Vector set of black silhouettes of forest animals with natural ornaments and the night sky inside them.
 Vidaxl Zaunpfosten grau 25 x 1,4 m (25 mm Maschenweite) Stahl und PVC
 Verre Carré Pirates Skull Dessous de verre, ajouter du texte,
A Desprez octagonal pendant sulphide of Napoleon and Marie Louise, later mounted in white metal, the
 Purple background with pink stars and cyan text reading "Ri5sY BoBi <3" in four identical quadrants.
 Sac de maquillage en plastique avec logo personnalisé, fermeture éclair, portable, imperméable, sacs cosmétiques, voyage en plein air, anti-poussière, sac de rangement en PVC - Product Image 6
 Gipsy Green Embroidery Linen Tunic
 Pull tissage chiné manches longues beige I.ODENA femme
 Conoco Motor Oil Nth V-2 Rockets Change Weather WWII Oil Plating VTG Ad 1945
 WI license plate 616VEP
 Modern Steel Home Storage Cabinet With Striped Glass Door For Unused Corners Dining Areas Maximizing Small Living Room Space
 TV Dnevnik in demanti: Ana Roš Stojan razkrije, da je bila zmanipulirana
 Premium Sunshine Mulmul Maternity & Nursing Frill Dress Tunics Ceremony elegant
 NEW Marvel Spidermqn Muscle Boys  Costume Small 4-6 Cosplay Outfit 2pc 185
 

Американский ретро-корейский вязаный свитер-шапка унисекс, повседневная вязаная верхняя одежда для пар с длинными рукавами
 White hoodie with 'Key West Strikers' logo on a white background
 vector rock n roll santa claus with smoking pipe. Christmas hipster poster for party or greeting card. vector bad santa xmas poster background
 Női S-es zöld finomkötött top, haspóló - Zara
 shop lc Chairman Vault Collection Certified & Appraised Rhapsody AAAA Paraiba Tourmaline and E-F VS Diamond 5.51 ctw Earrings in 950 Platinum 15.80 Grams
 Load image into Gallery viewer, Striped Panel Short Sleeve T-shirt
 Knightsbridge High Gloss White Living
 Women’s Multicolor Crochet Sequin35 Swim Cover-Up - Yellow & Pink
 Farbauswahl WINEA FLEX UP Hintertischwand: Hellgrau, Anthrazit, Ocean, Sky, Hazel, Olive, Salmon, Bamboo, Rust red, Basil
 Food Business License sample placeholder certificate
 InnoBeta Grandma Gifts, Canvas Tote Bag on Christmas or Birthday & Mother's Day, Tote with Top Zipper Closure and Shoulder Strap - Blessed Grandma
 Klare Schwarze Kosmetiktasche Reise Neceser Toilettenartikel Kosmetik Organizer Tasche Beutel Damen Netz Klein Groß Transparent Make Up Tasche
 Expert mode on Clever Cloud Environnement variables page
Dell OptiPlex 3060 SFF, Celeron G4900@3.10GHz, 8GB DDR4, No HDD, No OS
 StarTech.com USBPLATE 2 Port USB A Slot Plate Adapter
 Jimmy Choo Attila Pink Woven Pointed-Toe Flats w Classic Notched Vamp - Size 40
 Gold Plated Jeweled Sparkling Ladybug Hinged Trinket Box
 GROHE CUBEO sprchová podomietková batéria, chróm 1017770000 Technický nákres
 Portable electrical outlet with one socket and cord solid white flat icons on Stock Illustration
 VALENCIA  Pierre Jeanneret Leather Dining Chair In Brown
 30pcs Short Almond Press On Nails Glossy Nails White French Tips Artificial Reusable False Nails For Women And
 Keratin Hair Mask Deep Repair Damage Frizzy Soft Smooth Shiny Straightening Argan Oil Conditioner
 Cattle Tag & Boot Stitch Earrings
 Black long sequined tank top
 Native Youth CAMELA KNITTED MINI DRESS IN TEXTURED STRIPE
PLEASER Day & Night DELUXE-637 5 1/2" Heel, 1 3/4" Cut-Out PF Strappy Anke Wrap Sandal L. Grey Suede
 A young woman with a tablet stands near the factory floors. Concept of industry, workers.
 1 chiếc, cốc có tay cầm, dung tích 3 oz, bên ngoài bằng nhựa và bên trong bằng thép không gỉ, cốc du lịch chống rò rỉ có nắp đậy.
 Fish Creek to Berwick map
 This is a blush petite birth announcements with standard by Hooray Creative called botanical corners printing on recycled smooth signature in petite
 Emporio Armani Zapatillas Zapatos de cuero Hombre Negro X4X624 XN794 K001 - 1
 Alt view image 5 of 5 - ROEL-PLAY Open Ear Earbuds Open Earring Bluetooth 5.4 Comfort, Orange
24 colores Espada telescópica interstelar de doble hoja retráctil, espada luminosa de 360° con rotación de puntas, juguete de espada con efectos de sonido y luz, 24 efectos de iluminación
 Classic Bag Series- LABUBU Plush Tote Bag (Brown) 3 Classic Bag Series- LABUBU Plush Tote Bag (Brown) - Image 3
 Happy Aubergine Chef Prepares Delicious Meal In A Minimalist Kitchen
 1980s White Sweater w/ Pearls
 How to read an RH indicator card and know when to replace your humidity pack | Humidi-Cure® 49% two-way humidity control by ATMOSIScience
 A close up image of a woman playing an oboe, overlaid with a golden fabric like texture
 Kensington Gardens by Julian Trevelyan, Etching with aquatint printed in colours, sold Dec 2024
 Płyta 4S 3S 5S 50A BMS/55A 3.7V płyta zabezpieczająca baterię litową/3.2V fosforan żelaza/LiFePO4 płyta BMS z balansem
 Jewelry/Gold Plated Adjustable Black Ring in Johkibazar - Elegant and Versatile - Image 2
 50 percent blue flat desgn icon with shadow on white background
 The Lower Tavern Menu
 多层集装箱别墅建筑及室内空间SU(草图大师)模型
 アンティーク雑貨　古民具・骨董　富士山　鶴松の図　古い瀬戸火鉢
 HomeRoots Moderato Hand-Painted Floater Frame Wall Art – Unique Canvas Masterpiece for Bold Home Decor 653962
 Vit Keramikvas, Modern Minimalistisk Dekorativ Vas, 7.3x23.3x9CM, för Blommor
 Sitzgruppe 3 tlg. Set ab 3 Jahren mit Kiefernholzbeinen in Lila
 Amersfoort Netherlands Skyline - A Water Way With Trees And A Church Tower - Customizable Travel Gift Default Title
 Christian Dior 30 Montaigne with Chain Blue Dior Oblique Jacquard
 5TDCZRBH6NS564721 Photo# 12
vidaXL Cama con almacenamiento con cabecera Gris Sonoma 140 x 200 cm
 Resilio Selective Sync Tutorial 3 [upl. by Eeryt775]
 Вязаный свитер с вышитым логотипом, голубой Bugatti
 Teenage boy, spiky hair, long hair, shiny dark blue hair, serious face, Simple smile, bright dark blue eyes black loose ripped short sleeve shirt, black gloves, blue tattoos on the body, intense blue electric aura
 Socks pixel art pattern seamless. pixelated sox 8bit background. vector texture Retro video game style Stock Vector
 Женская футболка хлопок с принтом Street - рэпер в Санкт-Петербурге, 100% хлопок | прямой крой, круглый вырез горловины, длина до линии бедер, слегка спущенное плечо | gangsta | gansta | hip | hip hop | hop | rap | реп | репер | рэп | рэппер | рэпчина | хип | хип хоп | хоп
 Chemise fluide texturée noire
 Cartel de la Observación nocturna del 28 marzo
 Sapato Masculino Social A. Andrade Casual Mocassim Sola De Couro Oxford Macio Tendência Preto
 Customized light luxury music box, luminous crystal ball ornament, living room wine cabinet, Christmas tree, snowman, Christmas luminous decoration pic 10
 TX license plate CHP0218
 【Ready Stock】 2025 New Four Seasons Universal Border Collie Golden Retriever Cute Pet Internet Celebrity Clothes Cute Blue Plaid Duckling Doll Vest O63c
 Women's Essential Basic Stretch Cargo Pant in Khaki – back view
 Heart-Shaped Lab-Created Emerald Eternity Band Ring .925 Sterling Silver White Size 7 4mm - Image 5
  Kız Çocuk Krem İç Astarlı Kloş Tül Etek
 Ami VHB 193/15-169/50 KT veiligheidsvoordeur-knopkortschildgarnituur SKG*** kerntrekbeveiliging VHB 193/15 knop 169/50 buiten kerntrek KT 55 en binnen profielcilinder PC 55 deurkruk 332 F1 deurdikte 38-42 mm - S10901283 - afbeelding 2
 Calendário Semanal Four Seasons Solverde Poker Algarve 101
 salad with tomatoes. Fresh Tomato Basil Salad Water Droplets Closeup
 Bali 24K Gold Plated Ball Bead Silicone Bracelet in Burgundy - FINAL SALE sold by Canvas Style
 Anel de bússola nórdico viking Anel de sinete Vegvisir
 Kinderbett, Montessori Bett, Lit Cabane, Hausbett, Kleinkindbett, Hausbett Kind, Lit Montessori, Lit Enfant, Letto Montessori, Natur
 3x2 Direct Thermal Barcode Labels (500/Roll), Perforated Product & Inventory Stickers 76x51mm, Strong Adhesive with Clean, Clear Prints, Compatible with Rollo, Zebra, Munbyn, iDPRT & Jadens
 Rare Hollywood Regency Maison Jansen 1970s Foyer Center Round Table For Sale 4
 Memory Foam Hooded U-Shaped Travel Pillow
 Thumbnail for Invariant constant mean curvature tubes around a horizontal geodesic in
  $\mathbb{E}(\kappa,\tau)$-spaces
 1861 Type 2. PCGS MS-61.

____

## Task description
Among the lines of the data, find every one that holds "Water" and copy it.

## Solved exercise
 Amersfoort Netherlands Skyline - A Water Way With Trees And A Church Tower - Customizable Travel Gift Default Title
 salad with tomatoes. Fresh Tomato Basil Salad Water Droplets Closeup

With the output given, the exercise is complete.